Ennui

«L'ennui! Mot terrible et justement redouté! Que de remèdes l'homme n'a-t-il pas inventés contre ce mal, remèdes, hélas!, souvent plus ennuyeux encore que l'ennui même. Leur nom général est « plaisirs », qu'il ne faut pas confondre avec « plaisir ».

Le plaisir est un fait, quoique rare; les plaisirs, quoique abondants et communs, sont une recherche, et presque toujours vaine. Quand on réussit à opposer au géant Ennui l'armée des nains Plaisirs, le géant étouffe les nains en quelques gestes et reprend sa pose lassée. L'ennui, à vrai dire, est invincible. On naît ennuyé comme on naît jovial. Cependant, à côté de cet ennui fondamental, dont certains humains sont victimes et que l'ancienne médecine appelait hypocondrie, il y a diverses variétés d'ennuis qui tiennent aux circonstances de la vie et par conséquent peuvent n'avoir qu'une existence passagère.
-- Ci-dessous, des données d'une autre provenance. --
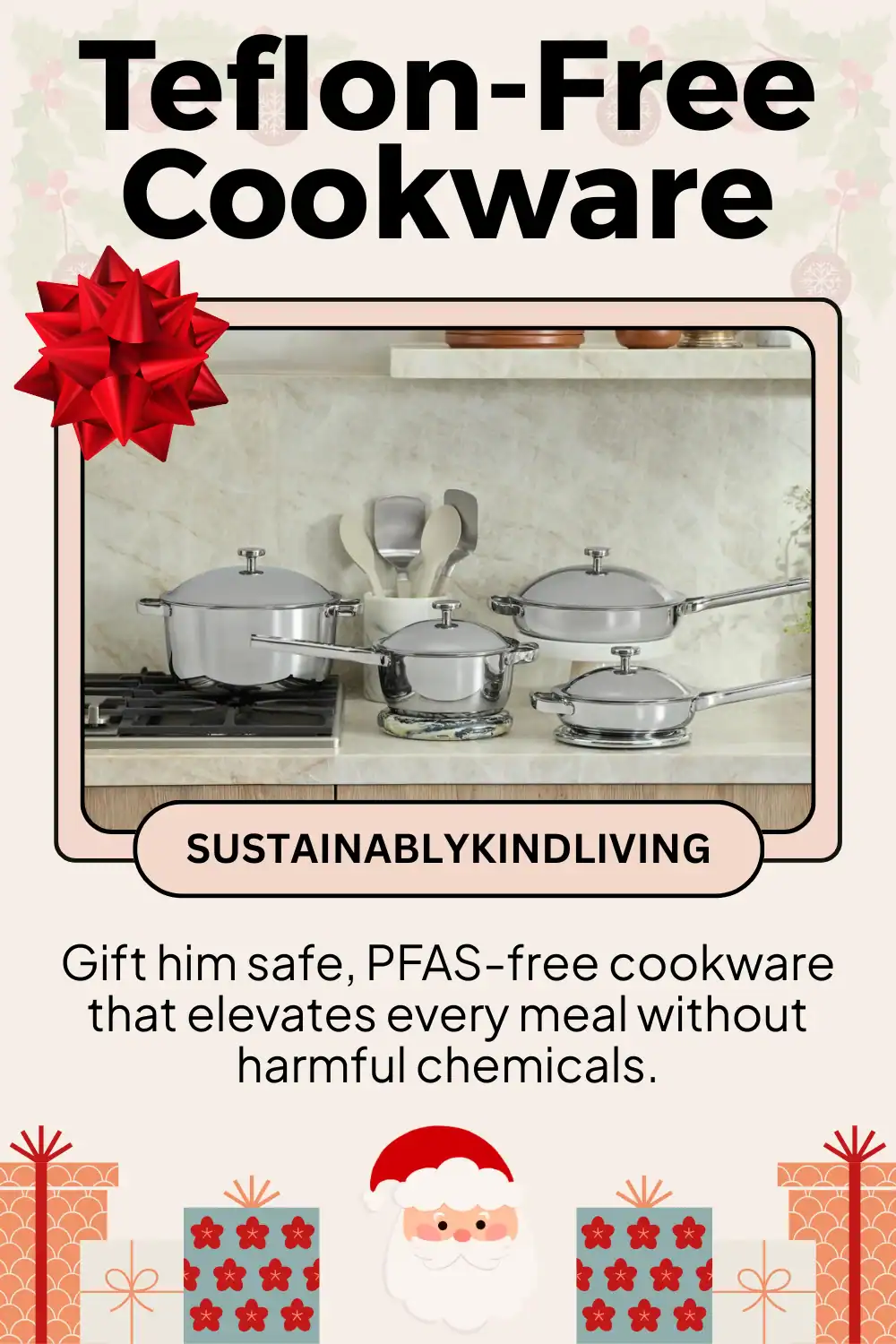 Our Place PFAS-free titanium cookware crafted with non-toxic materials, sustainable and safe for everyday healthy cooking.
Ils ont une cause occasionnelle, prêts à disparaître avec la cause elle-même.

Ces ennuis secondaires prennent différents noms, mélancolie, nostalgie, tristesse, mais leur classement est assez difficile, parce qu'ils se modifient à l'infini selon les sensibilités, selon les lieux, selon les âges et même selon les siècles.»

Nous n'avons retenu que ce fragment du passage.